Arnd Baranowski, Founder, CEO, Oculeus GmbH
April 2, 2018
Arnd Baranowski studied aerospace engineering in college. He attained the level of a master of science degree from Universität der Bundeswehr München, the university of the German Armed Forces. After graduation he remained with the German Army and was a professional career officer for 20 years.
A good bit of Baranowski’s university study included programming, and it became a hobby for him during his time in the army. He developed a system for real estate agents that was relatively successful, and this success with systems development prompted him to leave the military to pursue a career in programming and application development. “I always knew that one day I would run my own technology company, which is exactly what I did when I finished my career in the army,” he explains.
At a friend’s urging, Baranowski went into the telecommunications business, founding and bootstrapping the company Oculeus in 2004. His company started by developing an OSS/BSS (operation support system/business support system) solution for telco operators in the area of interconnect wholesale. This system met with good success, and clients asked Baranowki to have his company develop solutions in different areas. “Where we thought it could make sense, we really went into it,” says Baranowski.
One area that Oculeus is tackling is fraud detection in the telecom business. In the U.S. alone, fraud in this industry totals more than $15 billion a year. Most of the time, the victim of this type of fraud is the telco operator, but occasionally the customer can be liable for the losses. Either way, the customer ends up paying for losses or for higher bills that telcos pass along to cover their losses.
In the telecom industry, fraud occurs on an existing connection; it is not about breaking into a connection or breaking into a network. In one form of fraud, someone hijacks a communication entry or a communication line and they inject traffic to high cost destinations, such as Africa. The fraudster who hijacked the line can sell access to that line and he doesn’t have to pay the bill on sending calls. So, he is collecting revenue on a line that he has no right to use. The victim in this case is the telco operator that actually moves the call traffic but collects no revenue for it.
Baranowski says his own company was once a victim of telecom fraud, even though Oculeus is not a telco operator. “Our company has been hit by fraud through our regular PBX system,” he says. “Someone hacked our PBX on a weekend. Several hundred hours of calls were injected into the network of the operator on which we have our PBX running. The damage at that point was €13,800, as our operator connected the calls to places in Africa and Europe. The cost in this case would either sit with the operator or with us, but not with the one who injected the calls into our system.”

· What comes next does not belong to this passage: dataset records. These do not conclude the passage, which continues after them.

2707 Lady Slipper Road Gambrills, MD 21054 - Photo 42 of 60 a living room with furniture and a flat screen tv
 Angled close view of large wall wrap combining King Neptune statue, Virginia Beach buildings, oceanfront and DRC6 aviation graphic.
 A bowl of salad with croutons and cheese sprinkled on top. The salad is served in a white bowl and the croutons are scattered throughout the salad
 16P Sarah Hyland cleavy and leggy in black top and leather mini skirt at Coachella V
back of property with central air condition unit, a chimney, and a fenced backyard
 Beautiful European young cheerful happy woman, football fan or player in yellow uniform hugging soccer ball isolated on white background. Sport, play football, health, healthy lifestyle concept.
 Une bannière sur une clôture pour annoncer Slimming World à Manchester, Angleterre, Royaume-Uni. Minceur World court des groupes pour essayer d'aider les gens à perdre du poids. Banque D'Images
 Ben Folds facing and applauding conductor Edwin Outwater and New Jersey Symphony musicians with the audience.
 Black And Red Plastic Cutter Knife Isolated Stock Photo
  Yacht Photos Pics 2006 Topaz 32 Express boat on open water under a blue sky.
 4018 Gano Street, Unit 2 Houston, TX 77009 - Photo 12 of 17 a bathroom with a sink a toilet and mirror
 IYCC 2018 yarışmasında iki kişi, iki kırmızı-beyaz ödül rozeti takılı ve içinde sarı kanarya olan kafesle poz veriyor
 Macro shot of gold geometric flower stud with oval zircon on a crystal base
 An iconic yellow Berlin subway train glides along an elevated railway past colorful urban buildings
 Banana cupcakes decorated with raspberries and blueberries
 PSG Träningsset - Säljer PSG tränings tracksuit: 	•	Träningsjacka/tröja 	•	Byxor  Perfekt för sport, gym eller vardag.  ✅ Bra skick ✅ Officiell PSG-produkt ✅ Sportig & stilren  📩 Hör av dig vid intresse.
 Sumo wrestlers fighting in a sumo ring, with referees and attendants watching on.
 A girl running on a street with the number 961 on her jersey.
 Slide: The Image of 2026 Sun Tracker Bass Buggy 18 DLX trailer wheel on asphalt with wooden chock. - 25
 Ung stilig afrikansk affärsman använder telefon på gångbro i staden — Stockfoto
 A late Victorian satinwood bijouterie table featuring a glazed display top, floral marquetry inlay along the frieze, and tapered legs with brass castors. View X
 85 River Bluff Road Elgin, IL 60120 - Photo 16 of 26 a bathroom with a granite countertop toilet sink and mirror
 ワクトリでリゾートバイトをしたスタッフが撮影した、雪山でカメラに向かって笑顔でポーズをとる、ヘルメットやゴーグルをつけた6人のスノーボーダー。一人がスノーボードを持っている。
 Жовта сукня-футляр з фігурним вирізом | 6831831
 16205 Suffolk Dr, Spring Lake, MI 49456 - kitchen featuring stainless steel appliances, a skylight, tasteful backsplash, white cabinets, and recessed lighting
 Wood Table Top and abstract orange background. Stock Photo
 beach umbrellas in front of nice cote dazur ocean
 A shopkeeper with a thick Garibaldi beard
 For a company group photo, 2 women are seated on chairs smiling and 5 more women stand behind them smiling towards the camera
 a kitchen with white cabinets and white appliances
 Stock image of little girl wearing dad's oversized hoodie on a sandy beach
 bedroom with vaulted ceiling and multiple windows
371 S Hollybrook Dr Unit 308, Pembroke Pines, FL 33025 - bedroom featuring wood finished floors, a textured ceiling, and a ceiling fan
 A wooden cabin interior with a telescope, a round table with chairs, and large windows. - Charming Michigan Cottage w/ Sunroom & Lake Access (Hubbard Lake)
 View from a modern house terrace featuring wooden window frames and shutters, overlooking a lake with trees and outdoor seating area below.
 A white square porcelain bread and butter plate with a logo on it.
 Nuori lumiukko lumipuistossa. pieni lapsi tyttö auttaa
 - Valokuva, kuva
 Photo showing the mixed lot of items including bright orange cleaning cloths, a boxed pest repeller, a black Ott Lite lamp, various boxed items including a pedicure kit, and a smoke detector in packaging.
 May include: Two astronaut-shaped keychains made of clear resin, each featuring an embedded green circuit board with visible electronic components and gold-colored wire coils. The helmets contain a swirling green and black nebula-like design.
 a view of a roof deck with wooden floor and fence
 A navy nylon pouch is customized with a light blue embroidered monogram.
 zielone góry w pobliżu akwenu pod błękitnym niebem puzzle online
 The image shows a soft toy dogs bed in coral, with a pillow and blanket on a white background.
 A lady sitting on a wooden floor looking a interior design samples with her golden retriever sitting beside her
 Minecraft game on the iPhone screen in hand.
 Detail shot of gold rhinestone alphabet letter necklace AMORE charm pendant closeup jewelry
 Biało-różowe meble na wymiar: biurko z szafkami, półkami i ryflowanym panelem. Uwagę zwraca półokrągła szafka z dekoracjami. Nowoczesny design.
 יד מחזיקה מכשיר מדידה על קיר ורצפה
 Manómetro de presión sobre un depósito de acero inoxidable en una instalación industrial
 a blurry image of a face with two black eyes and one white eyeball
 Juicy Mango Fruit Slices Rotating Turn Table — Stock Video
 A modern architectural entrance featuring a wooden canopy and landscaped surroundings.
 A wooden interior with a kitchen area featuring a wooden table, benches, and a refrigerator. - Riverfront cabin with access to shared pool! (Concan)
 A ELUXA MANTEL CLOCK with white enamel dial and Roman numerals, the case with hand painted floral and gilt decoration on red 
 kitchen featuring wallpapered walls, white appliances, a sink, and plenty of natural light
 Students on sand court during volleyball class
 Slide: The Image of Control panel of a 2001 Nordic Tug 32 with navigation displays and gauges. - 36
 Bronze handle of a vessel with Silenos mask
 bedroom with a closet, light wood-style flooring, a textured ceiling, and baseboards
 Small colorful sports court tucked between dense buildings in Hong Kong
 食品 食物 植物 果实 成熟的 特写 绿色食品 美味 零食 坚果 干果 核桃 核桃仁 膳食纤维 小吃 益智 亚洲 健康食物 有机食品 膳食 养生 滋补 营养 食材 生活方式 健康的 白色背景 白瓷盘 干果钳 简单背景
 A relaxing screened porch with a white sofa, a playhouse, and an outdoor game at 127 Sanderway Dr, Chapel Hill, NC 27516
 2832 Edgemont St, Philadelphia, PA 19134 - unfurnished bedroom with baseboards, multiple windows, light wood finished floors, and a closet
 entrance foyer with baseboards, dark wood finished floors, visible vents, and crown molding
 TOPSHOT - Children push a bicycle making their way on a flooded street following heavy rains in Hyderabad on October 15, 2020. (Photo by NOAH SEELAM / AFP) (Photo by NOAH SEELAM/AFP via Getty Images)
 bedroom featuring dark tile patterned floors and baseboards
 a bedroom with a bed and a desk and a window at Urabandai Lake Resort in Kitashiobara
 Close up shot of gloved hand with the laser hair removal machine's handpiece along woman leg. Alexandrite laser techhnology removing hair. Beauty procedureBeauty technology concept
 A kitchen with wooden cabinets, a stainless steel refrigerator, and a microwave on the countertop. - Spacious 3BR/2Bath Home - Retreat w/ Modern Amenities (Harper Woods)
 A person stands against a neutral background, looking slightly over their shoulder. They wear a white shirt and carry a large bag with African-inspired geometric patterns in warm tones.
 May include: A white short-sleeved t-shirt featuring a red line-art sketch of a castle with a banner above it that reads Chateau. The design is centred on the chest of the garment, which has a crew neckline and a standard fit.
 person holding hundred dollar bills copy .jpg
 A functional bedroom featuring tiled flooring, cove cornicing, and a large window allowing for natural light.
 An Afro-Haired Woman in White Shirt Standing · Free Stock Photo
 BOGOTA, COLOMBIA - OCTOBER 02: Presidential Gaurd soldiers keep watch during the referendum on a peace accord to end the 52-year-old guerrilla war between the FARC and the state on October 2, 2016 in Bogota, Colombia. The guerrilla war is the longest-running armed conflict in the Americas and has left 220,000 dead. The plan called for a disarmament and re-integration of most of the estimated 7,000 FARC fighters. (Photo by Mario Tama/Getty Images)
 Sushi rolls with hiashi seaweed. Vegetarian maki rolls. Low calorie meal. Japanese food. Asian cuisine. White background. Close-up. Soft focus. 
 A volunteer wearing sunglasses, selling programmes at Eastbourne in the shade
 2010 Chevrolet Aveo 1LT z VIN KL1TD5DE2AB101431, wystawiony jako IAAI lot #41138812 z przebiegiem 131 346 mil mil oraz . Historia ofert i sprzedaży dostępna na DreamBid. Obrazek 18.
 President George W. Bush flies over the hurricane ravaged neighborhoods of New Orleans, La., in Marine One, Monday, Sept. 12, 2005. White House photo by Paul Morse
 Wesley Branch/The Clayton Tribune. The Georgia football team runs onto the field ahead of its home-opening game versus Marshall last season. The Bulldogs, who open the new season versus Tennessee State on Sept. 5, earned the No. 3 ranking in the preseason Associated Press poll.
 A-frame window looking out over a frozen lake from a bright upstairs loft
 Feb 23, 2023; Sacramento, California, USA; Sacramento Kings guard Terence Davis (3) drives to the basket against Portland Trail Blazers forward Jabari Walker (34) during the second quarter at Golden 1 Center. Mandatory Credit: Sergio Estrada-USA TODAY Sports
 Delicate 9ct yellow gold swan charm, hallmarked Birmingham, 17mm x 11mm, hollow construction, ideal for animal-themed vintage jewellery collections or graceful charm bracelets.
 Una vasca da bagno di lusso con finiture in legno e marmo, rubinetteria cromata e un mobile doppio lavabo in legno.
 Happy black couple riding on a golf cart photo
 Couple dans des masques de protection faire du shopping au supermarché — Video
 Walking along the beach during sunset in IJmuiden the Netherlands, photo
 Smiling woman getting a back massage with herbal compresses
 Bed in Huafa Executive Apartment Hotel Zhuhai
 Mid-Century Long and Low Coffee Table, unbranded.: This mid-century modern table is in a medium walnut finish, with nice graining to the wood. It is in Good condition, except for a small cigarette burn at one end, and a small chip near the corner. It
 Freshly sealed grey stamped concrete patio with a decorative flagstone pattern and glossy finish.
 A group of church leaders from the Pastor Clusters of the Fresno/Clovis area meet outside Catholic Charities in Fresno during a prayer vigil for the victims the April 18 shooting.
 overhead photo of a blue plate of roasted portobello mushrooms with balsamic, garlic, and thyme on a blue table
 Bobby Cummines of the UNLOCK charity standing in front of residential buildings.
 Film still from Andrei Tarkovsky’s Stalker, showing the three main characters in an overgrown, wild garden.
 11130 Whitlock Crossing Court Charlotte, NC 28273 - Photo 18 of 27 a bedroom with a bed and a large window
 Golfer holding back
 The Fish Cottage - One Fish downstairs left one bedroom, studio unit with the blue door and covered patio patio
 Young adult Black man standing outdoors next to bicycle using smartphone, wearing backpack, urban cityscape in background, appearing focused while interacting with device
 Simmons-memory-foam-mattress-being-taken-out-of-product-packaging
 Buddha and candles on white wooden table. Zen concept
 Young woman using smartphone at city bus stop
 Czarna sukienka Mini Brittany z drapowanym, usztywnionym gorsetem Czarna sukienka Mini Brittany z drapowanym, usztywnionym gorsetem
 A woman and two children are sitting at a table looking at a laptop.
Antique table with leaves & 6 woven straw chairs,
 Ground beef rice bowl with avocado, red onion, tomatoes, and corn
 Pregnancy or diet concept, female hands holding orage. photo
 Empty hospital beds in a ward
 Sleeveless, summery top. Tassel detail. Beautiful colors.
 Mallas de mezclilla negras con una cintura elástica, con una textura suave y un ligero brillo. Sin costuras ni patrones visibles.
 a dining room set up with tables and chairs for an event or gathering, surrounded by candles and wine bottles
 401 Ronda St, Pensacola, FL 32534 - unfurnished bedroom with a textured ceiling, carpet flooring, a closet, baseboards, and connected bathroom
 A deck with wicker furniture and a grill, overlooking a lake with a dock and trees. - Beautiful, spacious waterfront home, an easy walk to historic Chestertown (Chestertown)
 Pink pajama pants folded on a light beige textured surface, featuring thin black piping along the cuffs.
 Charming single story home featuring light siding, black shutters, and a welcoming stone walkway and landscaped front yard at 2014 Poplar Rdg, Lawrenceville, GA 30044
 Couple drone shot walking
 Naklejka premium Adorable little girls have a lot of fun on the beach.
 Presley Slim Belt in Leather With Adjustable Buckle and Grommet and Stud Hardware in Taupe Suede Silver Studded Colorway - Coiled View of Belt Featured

Since then, Baranowski’s company has developed a way to quickly detect this type of fraud. “Detecting fraud is based on statistical evaluations of call data records. The point here is to get it to a level where you can understand within seconds or minutes that what is currently ongoing is fraudulent in order to stop it,” he says. “For example, in our case there were several hundred hours’ worth of calls which did go to certain countries. This happened on a weekend when no one was monitoring the system. On the first day of the work week we were told by the operator that there had been a fraud case against us. It ran for two days before it was stopped. But if the system we have now developed had been in place then, there would have been a maximum of two or three minutes of fraudulent communication, and that would have cost all of about 20 cents.”
This solution can help enterprises prevent fraud on their PBX systems. This is important because an operator might be willing to absorb the cost of the fraud the first time it happens, but if another instance occurs, the operator could easily pass the cost back to the customer if it did little to prevent the abuse the second time around.
Baranowski has grown his company to a global operation based out of Frankfurt, Germany with over 120 customers. Oculeus operates in multiple geographies and in various vertical market segments. Baranowski is enormously proud that he has grown his company without any external investors or even a line of credit from a bank. He is focused on running his business accordingly. “My management style is to hire the right people and let them work as independently as possible. They have to be highly intuitive and have a 100% understanding of what they’re doing and who is actually using their systems. They have to be very focused on what our customers need. My experience is that this empowers individuals to fulfil their potential and produces strong results.”
On the personal side, Baranowski is married, and he and his wife have a daughter. He enjoys running and swimming to keep fit, and he flies remote control aircraft as a hobby to escape the demands of his work.